WORK TO COMPLETE. Copy the records below line by line and word for word, from the very first line through the line with "Edge imaging also", omitting each picture.

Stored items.
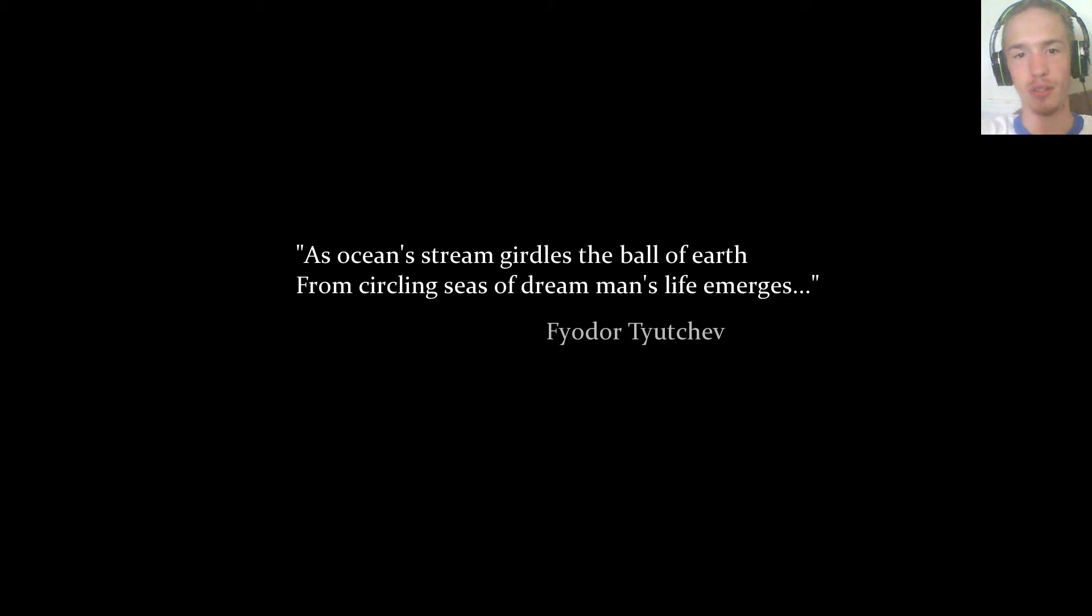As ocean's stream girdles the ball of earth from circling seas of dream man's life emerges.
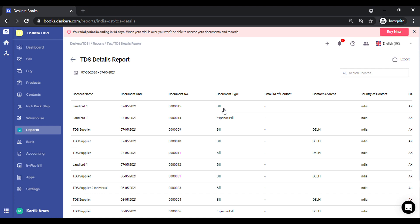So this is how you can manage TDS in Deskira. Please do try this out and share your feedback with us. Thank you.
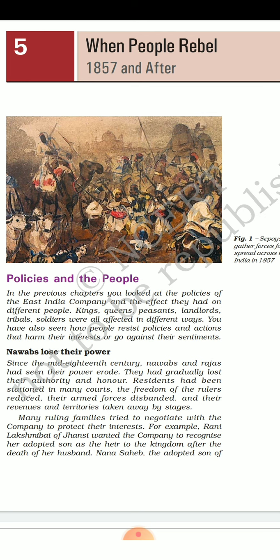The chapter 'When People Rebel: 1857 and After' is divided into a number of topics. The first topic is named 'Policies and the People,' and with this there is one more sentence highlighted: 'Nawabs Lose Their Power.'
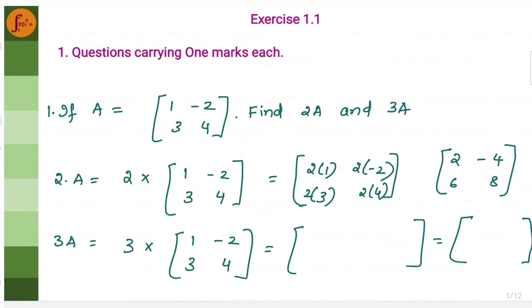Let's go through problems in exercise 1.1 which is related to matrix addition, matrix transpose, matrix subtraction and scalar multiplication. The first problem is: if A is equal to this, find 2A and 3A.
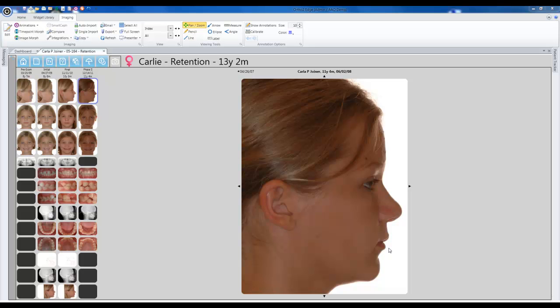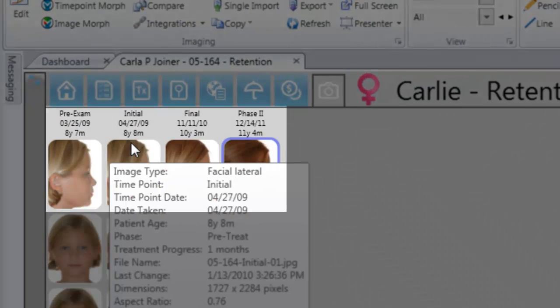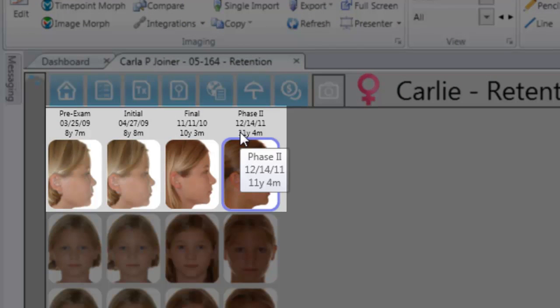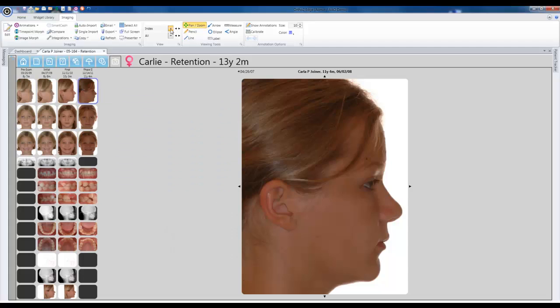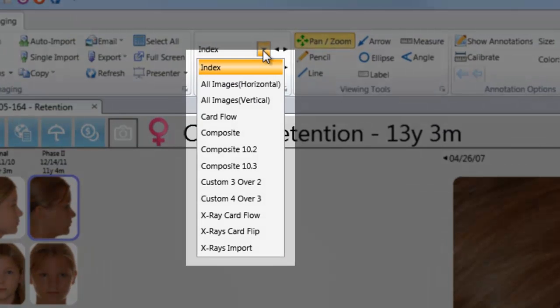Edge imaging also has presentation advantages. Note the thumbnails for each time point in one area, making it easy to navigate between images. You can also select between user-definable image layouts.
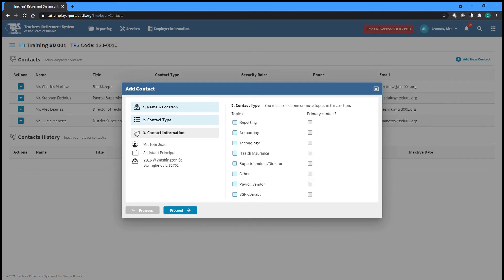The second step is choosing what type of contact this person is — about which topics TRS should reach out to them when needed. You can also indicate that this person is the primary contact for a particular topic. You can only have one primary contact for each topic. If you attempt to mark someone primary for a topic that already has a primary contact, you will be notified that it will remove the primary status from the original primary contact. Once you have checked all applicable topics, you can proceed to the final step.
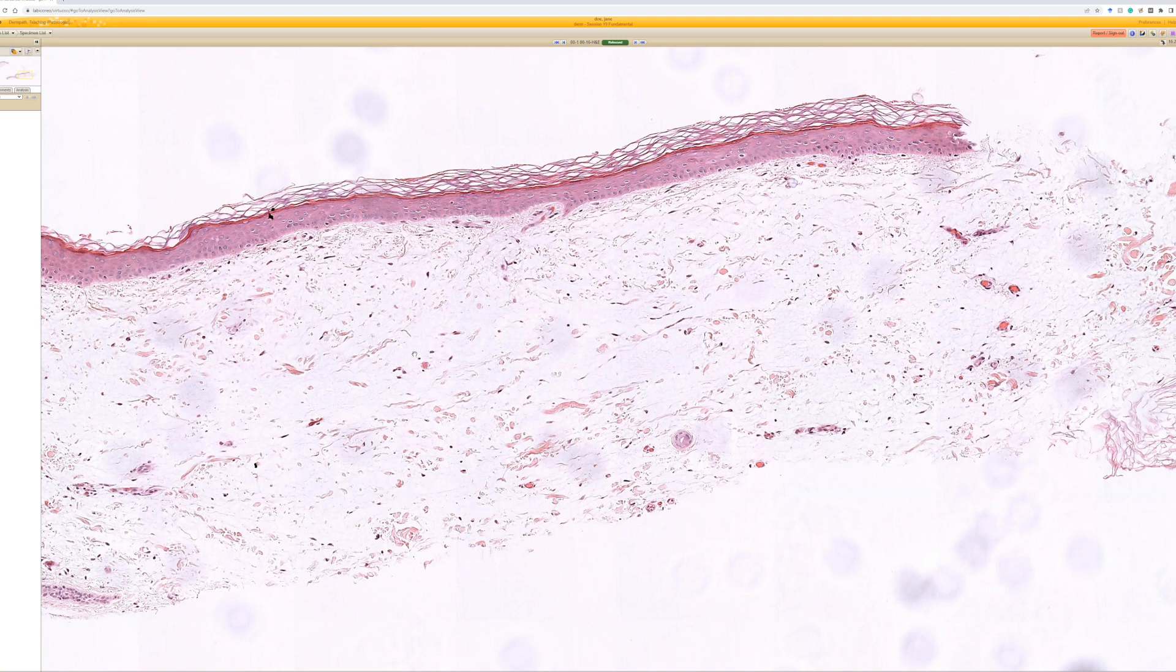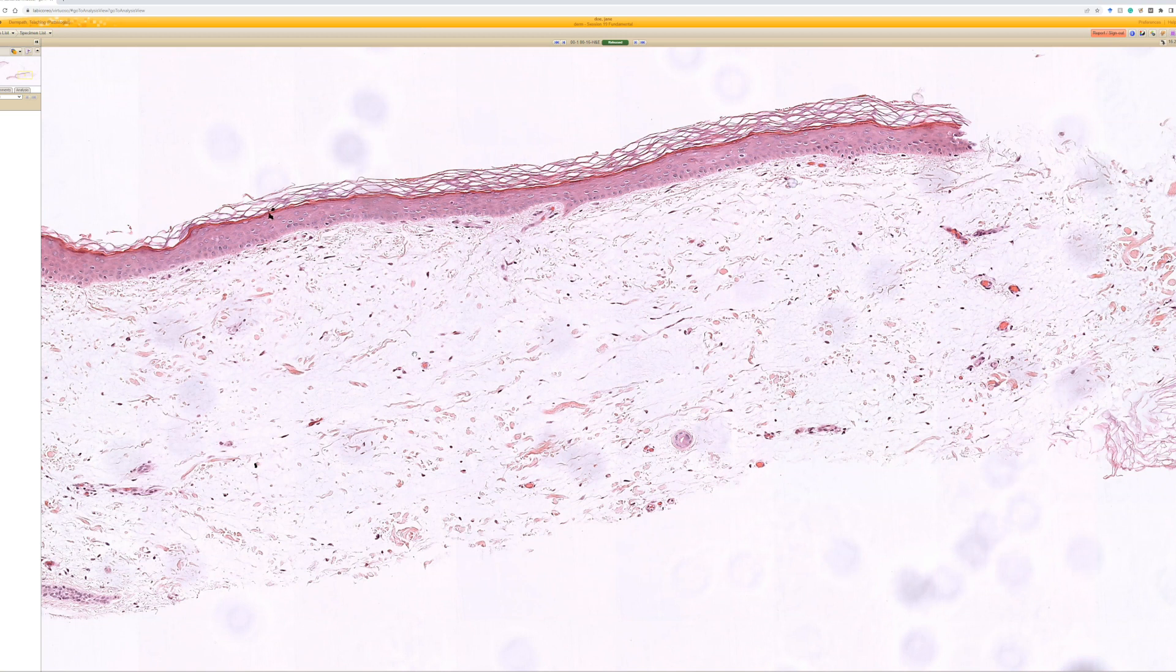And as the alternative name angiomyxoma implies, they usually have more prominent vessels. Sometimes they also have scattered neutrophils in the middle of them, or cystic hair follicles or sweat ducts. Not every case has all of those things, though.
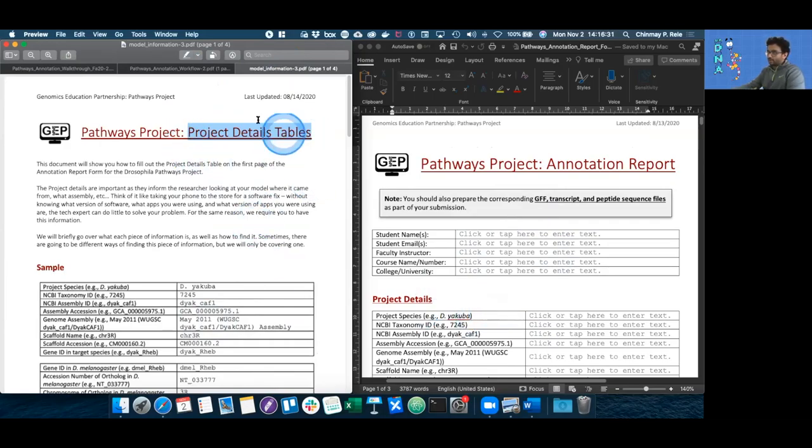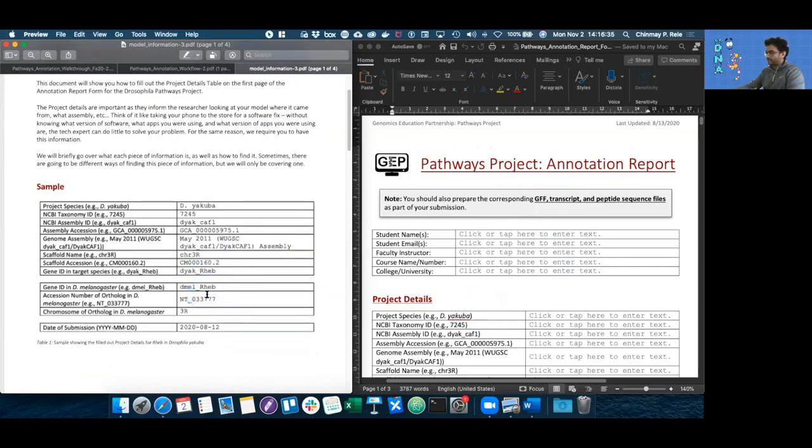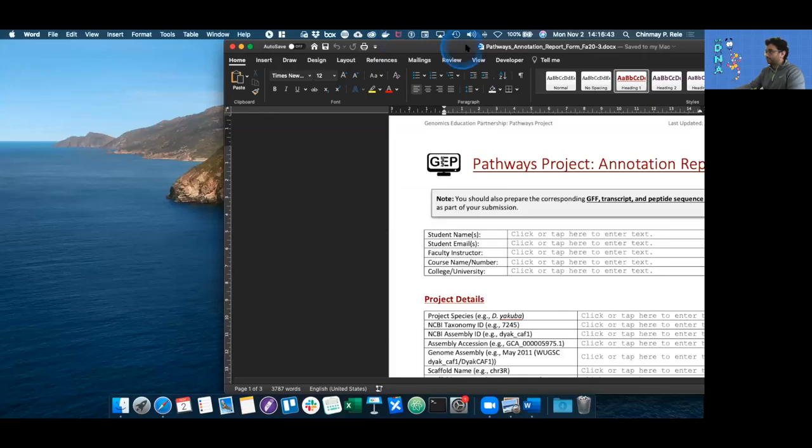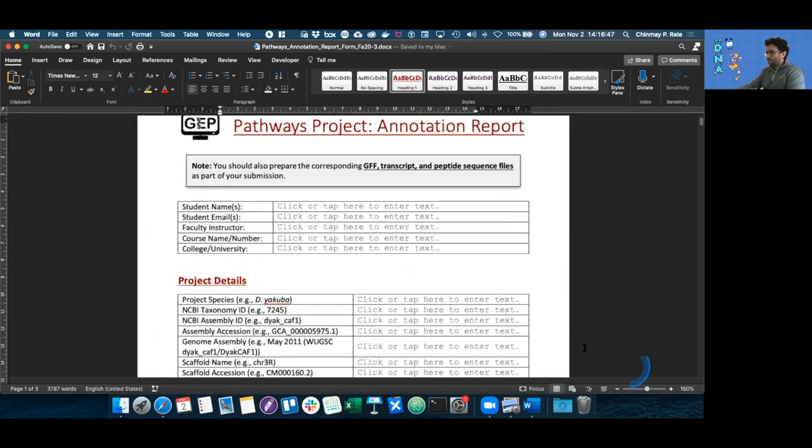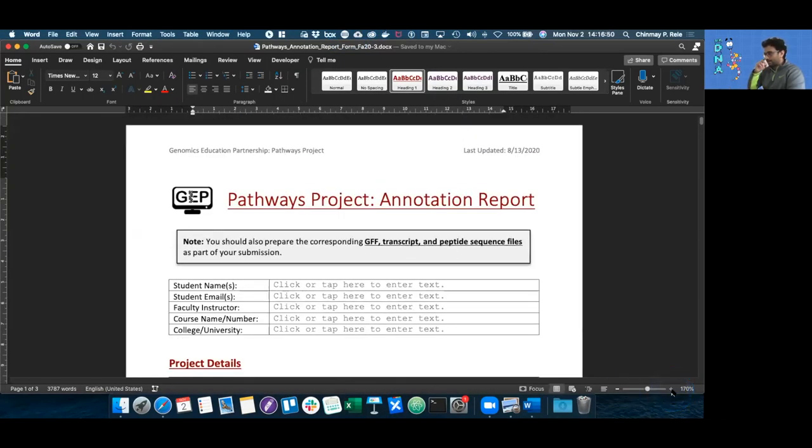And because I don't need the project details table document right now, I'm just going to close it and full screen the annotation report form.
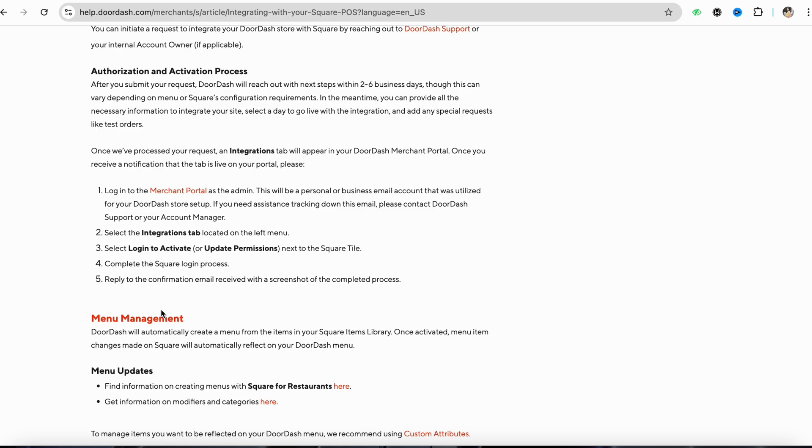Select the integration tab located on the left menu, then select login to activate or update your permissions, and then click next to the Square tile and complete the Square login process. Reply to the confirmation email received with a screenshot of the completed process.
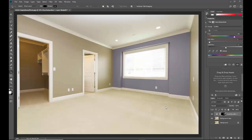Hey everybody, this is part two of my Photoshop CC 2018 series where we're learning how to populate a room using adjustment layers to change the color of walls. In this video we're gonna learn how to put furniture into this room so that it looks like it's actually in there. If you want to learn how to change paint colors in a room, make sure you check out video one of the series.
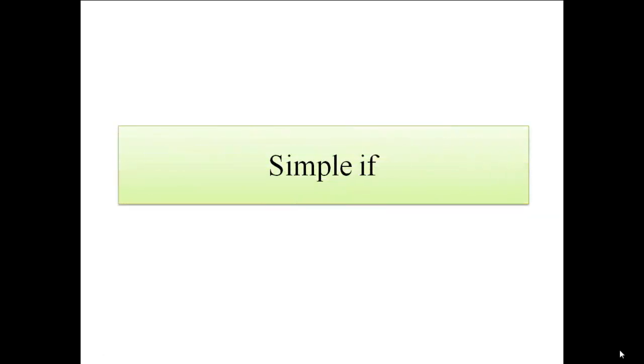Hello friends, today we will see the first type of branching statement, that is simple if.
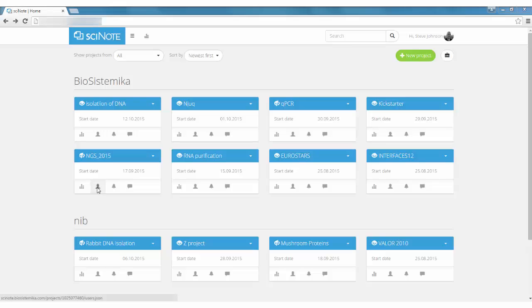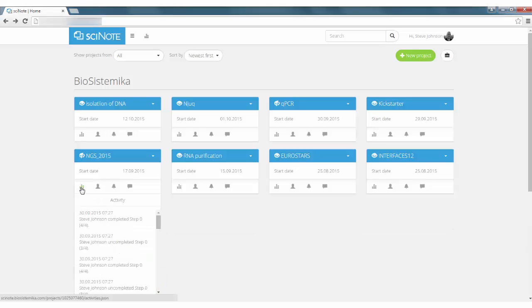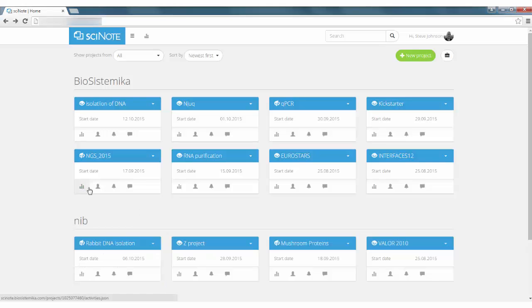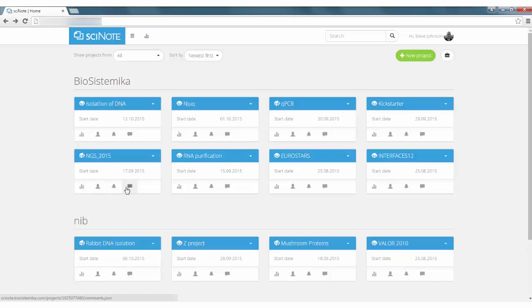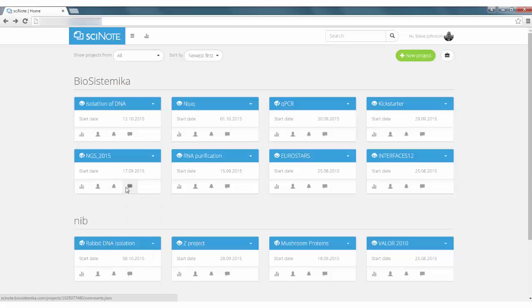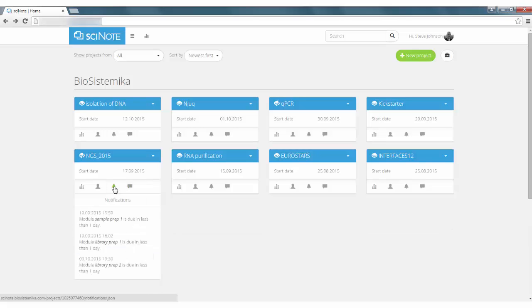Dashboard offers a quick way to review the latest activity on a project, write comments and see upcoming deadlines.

REPLY.
As ocean's stream girdles the ball of earth from circling seas of dream man's life emerges.
So this is how you can manage TDS in Deskira. Please do try this out and share your feedback with us. Thank you.
The chapter 'When People Rebel: 1857 and After' is divided into a number of topics. The first topic is named 'Policies and the People,' and with this there is one more sentence highlighted: 'Nawabs Lose Their Power.'
Let's go through problems in exercise 1.1 which is related to matrix addition, matrix transpose, matrix subtraction and scalar multiplication. The first problem is: if A is equal to this, find 2A and 3A.
Edge imaging also has presentation advantages. Note the thumbnails for each time point in one area, making it easy to navigate between images. You can also select between user-definable image layouts.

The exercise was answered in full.